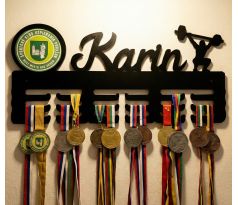 vešiak na medaily personalizované meno logo tlačené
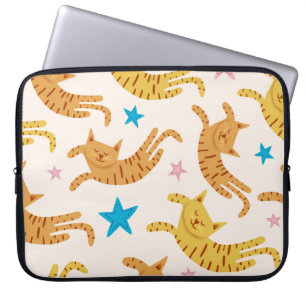 Housse Pour Ordinateur Portable Chats et étoiles de Whimsical : Motif de mode pour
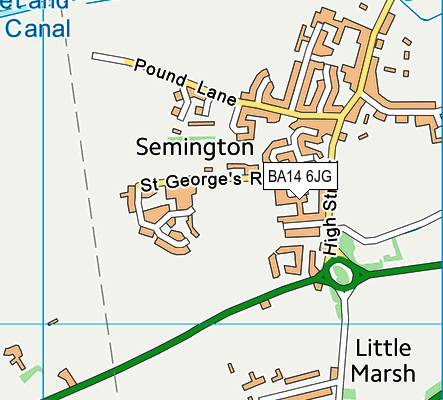 BA14 6JG map - OS VectorMap District (Ordnance Survey)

* PROBLEM TO WORK ON
Pictures stay out; reproduce exactly the lines from the one containing "Housse Pour Ordinateur" through the last line of the listing, both included.

* TASK ANSWER
 Housse Pour Ordinateur Portable Chats et étoiles de Whimsical : Motif de mode pour
 BA14 6JG map - OS VectorMap District (Ordnance Survey)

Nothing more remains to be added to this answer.